Another retelling of another tale from earlier in the Bible, the one of Lot who offers up his daughters for the sexual appetites of an angry mob, but this time there aren’t any angels to keep the women safe. And, according to Kirsch, the ugliness and brutality captured in this tale are only a precursor for what’s to come when the war it prompts gets into full swing.
Tamar and Amnon (2 Sam. 13). After a sordid affair with Bathsheba, King David arranges for the death of her husband so that he might marry her. Shortly thereafter Amnon, David’s oldest son and heir apparent to the throne of Israel, falls desperately in love with his half sister, Tamar. Amnon feigns illness and asks the king to send Tamar to nurse him back to health. When she arrives, he rapes her and throws her out in the street. King David hears about this outrage but does nothing.
What’s most interesting about the story of David told in First and Second Samuel is how it evidently differs from the same story told in First and Second Chronicles, which Kirsch says contains a cleaned-up version of the story, which show this King of Israel in a much more favorable light. It’s puzzling, however. Why include both stories in the Bible? Why not make the nasty one apocryphal? When were they each written? And when was it decided that they would be included in the Bible? If I had more free time, this might actually be something I would pursue, trying to piece together the pieces of the Bible and how they came to be there.
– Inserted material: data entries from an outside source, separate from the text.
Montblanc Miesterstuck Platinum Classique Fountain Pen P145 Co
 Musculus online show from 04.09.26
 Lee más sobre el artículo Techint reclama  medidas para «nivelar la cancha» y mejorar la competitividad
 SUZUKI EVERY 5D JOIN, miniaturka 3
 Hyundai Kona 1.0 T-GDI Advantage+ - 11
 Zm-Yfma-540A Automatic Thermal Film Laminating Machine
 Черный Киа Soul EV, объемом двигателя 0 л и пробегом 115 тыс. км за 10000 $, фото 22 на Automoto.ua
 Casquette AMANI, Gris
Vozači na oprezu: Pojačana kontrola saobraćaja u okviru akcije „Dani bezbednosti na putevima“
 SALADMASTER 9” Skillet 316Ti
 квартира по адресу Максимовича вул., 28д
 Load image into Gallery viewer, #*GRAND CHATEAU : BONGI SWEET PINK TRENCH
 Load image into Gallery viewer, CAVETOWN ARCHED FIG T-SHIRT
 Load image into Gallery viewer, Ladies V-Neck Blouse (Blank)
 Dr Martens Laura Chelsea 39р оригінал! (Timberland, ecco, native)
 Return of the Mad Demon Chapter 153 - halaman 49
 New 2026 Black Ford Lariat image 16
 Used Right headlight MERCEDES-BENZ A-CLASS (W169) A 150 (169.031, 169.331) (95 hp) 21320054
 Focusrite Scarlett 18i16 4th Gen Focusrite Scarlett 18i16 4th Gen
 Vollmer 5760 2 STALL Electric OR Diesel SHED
The whole situation reminds me of the website I stumbled across when I was looking for a Bible verse to use in my novel, the one that presented the argument that the very structure and order of the books of the Bible were a divine creation worthy of our awe and wonderment. Look! The books of the Bible rotate like celestial clockwork around this wheel of God’s creation, creating multiple triads of three books from different parts of the Bible, with each triad intimately related to one another. Does that look like God’s design to you? Knowing what I think I do about how the different parts of the Bible were written over centuries and carefully pulled together, looks more like the design of obsessively compulsive humans, trying to justify their own importance and the importance of the God they had created.